The Activity Selection Problem is a classic example of optimization using greedy algorithms. The problem is simple: given a list of activities with a start and finish time, the goal is to select the maximum number of non-overlapping activities. This is a typical problem that can be efficiently solved using a greedy strategy.
You are given a list of activities, each with a start time l and finish time r. Your task is to select the maximum number of non-overlapping activities. The solution must be efficient, meaning we need to find the optimal solution without testing every possible combination.
The goal is to select the maximum number of non-overlapping activities from a list, each defined by a start time and finish time. The greedy approach works by making the optimal choice at each step, ensuring a globally optimal solution.
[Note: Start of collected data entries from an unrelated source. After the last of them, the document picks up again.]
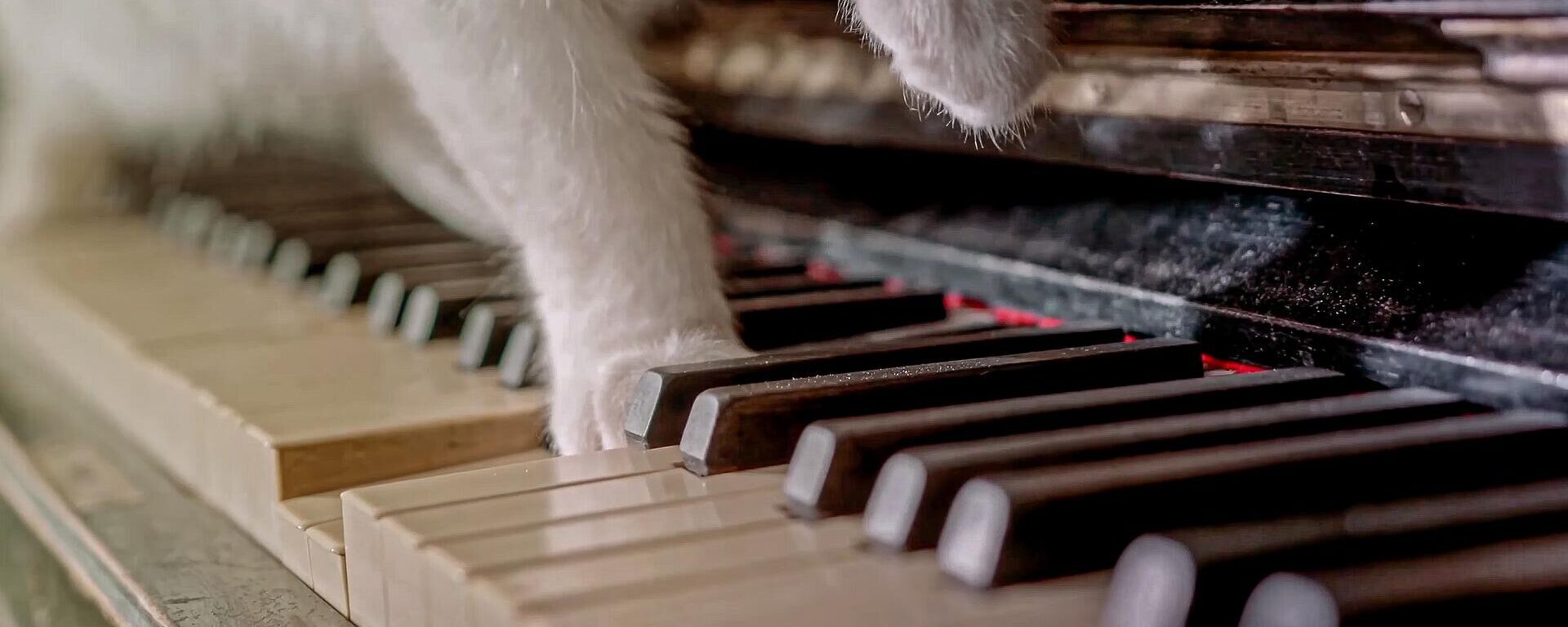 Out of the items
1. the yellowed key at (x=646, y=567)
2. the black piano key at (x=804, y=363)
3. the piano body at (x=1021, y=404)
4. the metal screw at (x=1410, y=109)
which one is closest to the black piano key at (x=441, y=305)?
→ the piano body at (x=1021, y=404)

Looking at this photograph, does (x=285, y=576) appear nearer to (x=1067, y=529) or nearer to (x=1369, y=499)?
(x=1067, y=529)

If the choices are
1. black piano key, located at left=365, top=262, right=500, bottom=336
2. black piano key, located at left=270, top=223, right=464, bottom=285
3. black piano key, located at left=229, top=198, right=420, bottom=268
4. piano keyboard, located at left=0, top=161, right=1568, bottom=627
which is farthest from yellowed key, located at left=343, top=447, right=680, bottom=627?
black piano key, located at left=229, top=198, right=420, bottom=268

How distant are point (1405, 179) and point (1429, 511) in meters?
0.21

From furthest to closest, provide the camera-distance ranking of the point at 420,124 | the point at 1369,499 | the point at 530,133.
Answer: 1. the point at 420,124
2. the point at 530,133
3. the point at 1369,499

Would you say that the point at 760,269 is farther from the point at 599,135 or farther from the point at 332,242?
the point at 332,242

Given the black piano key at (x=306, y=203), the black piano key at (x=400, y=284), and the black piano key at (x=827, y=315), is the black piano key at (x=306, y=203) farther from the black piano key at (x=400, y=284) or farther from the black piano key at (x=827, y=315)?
the black piano key at (x=827, y=315)

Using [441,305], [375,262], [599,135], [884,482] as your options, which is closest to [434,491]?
[884,482]

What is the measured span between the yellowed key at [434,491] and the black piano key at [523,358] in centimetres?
24

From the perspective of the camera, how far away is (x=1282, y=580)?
435 mm

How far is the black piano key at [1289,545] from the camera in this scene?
46cm

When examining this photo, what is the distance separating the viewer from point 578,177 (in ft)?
2.91

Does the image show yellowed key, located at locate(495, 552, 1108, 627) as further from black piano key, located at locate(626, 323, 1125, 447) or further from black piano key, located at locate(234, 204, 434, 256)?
black piano key, located at locate(234, 204, 434, 256)

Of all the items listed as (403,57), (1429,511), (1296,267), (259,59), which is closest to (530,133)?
(403,57)

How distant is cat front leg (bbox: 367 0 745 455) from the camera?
84cm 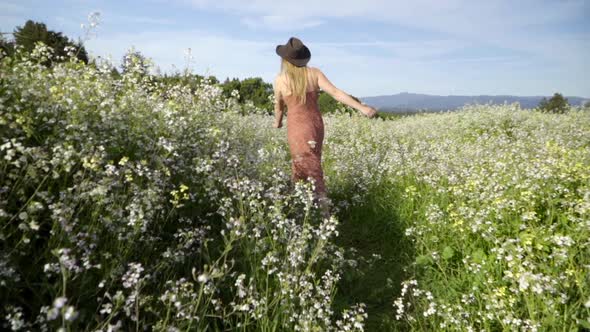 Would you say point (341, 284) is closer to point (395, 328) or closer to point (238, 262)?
point (395, 328)

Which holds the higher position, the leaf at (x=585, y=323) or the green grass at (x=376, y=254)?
the leaf at (x=585, y=323)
The process begins by sorting the activities based on their finish times. The first activity, which finishes the earliest, is always selected. Then, for each subsequent activity, we select it if its start time is greater than or equal to the finish time of the last selected activity. This ensures no overlap.
The key to the greedy approach is the greedy choice property: always choose the activity that finishes first to leave room for future activities. This guarantees the maximum number of activities can be selected.
struct activity {
int l;
int r;
};
bool compare(const activity &a, const activity &b) {
return a.r < b.r;
}
vector<activity> solveActivitySelectionProblem(vector<activity> &activities) {
if (activities.size() <= 1)
return activities;
// Sort activities so the one that finishes earliest comes first.
sort(activities.begin(), activities.end(), compare);
// Container for the chosen non-overlapping activities.
vector<activity> selected_activities;
// Always select the first (earliest-finishing) activity.
selected_activities.push_back(activities[0]);
// Keep track of when the last selected activity finishes.
int last_finish_time = activities[0].r;
for (size_t i = 1; i < activities.size(); ++i) {
// If the next activity starts at or after the last finish time, select it.
if (activities[i].l >= last_finish_time) {
selected_activities.push_back(activities[i]);
last_finish_time = activities[i].r;
}
}
return selected_activities;
}
class Activity {
int l;
int r;
public Activity(int l, int r) {
this.l = l;
this.r = r;
}
}
public class ActivitySelection {
public static Comparator<Activity> compareByFinishTime = new Comparator<Activity>() {
@Override
public int compare(Activity a, Activity b) {
return Integer.compare(a.r, b.r);
}
};
public static List<Activity> solveActivitySelectionProblem(List<Activity> activities) {
if (activities.size() <= 1)
return activities;
// Sort activities by finish time
Collections.sort(activities, compareByFinishTime);
List<Activity> selectedActivities = new ArrayList<>();
selectedActivities.add(activities.get(0)); // Select the first activity
int lastFinishTime = activities.get(0).r;
for (int i = 1; i < activities.size(); i++) {
// If the next activity starts at or after the last finish time, select it.
if (activities.get(i).l >= lastFinishTime) {
selectedActivities.add(activities.get(i));
lastFinishTime = activities.get(i).r;
}
}
return selectedActivities;
}
}
class Activity:
def __init__(self, l, r):
self.l = l
self.r = r
def solve_activity_selection_problem(activities):
if len(activities) <= 1:
return activities
# Sort activities by finish time
activities.sort(key=lambda activity: activity.r)
selected_activities = []
selected_activities.append(activities[0]) # Select the first activity
last_finish_time = activities[0].r
for i in range(1, len(activities)):
# If the next activity starts at or after the last finish time, select it.
if activities[i].l >= last_finish_time:
selected_activities.append(activities[i])
last_finish_time = activities[i].r
return selected_activities
Sorting the activities takes $O(n \log n)$, where n is the number of activities. The selection step involves a single pass through the sorted activities, which takes $O(n)$. Therefore, the overall time complexity of the algorithm is $O(n \log n)$, dominated by the sorting step.